Optionally, the processor is further configured to:
processing multi-frame image samples respectively corresponding to different target objects to obtain multi-frame preprocessed image samples respectively corresponding to different target objects, and performing target object labeling on the preprocessed images of the multi-frames of the same target object to obtain a training sample;
inputting the training samples into a network model, wherein the network model comprises a feature extraction layer, and the feature extraction layer comprises a first feature extraction layer adopting a convolutional neural network and a second feature extraction layer adopting a transformer network;
sequentially performing first-step feature extraction on the single-frame preprocessed image sample by using the first feature extraction layer according to the time sequence of the frames, and performing second-step feature extraction fusing gait time features and space features on the basis of the first-step features of the frames and the time sequence of the frames, which are output by the first feature extraction layer, by using the second feature extraction layer according to the attention mechanism, the semantic feature extraction capability and the long-distance feature capture capability of the transform network;
determining the value of a loss function, and adjusting the parameters of the network model according to the value of the loss function, wherein the loss function comprises a triple loss function determined according to the first distance of the second-step characteristics of the same target object extracted by the second characteristic extraction layer and the second distance of the second-step characteristics of different target objects;
and when the condition that the parameter adjustment end condition is met is determined, determining the current feature extraction layer as a gait feature extraction model.
Optionally, the network model further includes an output layer, the output layer predicts, according to the second step state feature output by the second feature extraction layer, the probability of identifying different target objects, and the loss function further includes:
taking the probabilities of different target objects identified by the output layer prediction as predicted values, and taking the probabilities of different target objects expected to be output, which are obtained and determined according to the target object labels of the preprocessed samples, as target values;
and calculating to obtain the cross entropy loss function value of the target object identification according to the predicted value and the target value.

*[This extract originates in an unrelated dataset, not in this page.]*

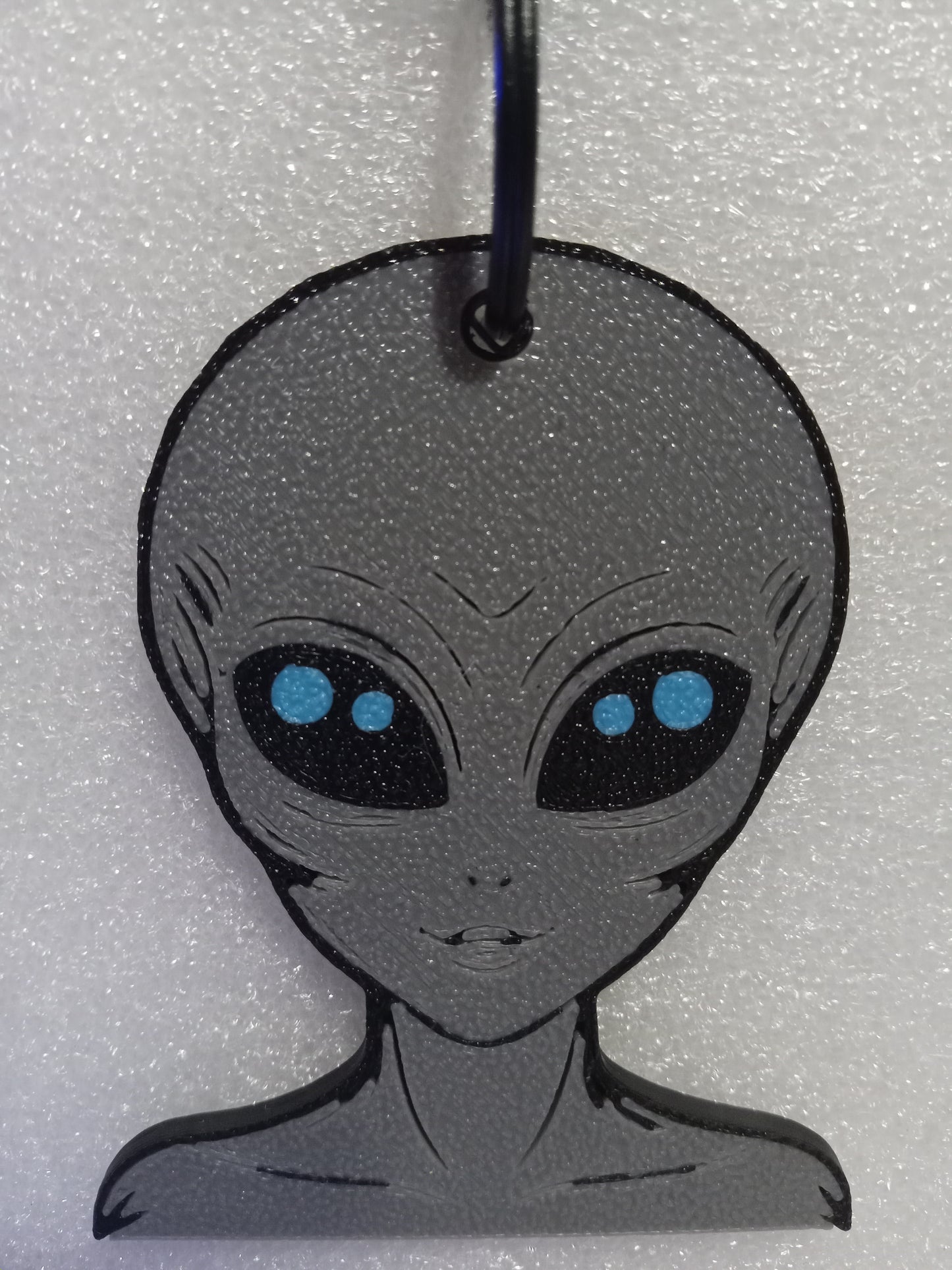 Galactic Grey/Blue Alien Keychain: A Cosmic Ambassador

Optionally, the preprocessed image sample is further labeled with a target object walking direction, and the second feature extraction layer includes a third feature extraction layer using a first transform network and a fourth feature extraction layer using a second transform network;
performing feature extraction for inhibiting the third step features of the non-target object to strengthen the target object by using the third feature extraction layer based on the first step features of each frame output by the first feature extraction layer by adopting an attention mechanism, and performing feature extraction for fusing the second step features of gait time features and space features and the walking direction of the target object based on the third step features of a plurality of frames output by the third feature extraction layer and the time sequence of the frames by using the fourth feature extraction layer according to the semantic feature extraction capability and the long-distance characteristic capture capability of the transform network;
when the parameters of the fourth feature extraction layer in the network model are adjusted, the loss function further includes:
and taking the walking direction of the target object extracted by the fourth feature extraction layer as a predicted value, and calculating the cross entropy loss function value of the walking direction by taking the walking direction of the target object marked according to the preprocessed sample as a target value.
Optionally, the first/second/third step-state features include a global gait feature and a local gait feature;
the gait global feature is used for representing the global gait feature of the target object, and the gait local feature is used for representing the gait feature corresponding to the local part of the target object.

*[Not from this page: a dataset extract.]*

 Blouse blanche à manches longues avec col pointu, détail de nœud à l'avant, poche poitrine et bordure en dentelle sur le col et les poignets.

Optionally, after the transform network performs feature extraction of a second-step feature fusing gait time features and spatial features based on the first-step feature and a time sequence of a frame thereof by using an attention mechanism, a semantic feature extraction capability, and a long-distance feature capture capability of the transform network, the processor is further configured to:
carrying out similarity comparison on the extracted second-step state features and gait features of a plurality of target objects prestored in a database, and determining the target object corresponding to the second-step state features according to a comparison result;
the gait features of a plurality of target objects pre-stored in the database are obtained by performing feature extraction on the historical preprocessed images of the plurality of objects by utilizing a gait feature extraction model.

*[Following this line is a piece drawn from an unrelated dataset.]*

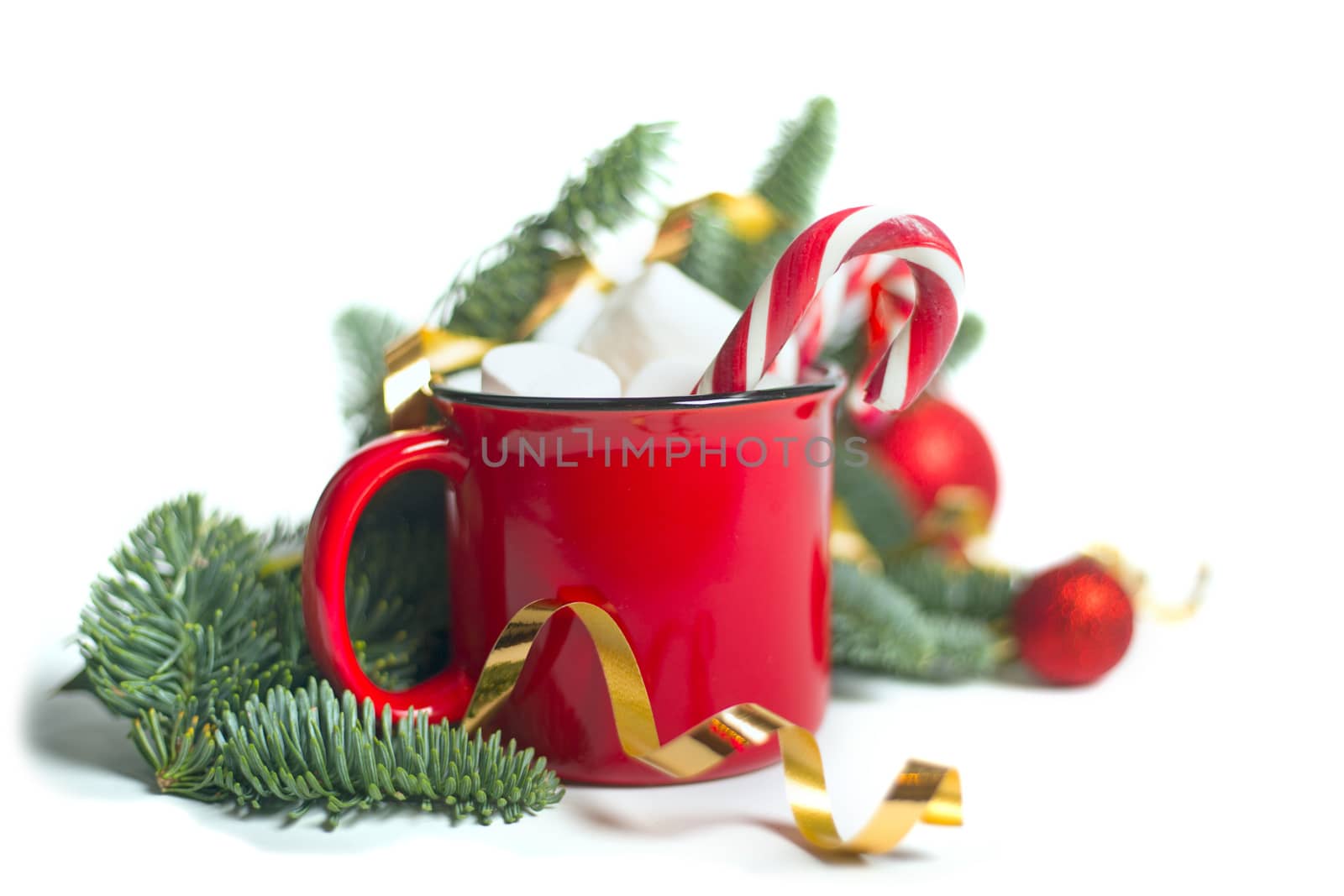 Cocoa in red mug with marshmallows and candy cane and fir tree branches and red and golden baubles and stars isolated on white background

In some possible embodiments, the aspects of a gait feature extraction method provided by the present application can also be implemented in the form of a program product comprising program code for causing a computer device to perform the steps of a gait feature extraction method according to various exemplary embodiments of the present application described above in this specification, when the program product is run on the computer device.
The program product may employ any combination of one or more readable media. The readable medium may be a readable signal medium or a readable storage medium. A readable storage medium may be, for example, but not limited to, an electronic, magnetic, optical, electromagnetic, infrared, or semiconductor system, apparatus, or device, or any combination of the foregoing. More specific examples (a non-exhaustive list) of the readable storage medium include: an electrical connection having one or more wires, a portable disk, a hard disk, a Random Access Memory (RAM), a read-only memory (ROM), an erasable programmable read-only memory (EPROM or flash memory), an optical fiber, a portable compact disc read-only memory (CD-ROM), an optical storage device, a magnetic storage device, or any suitable combination of the foregoing.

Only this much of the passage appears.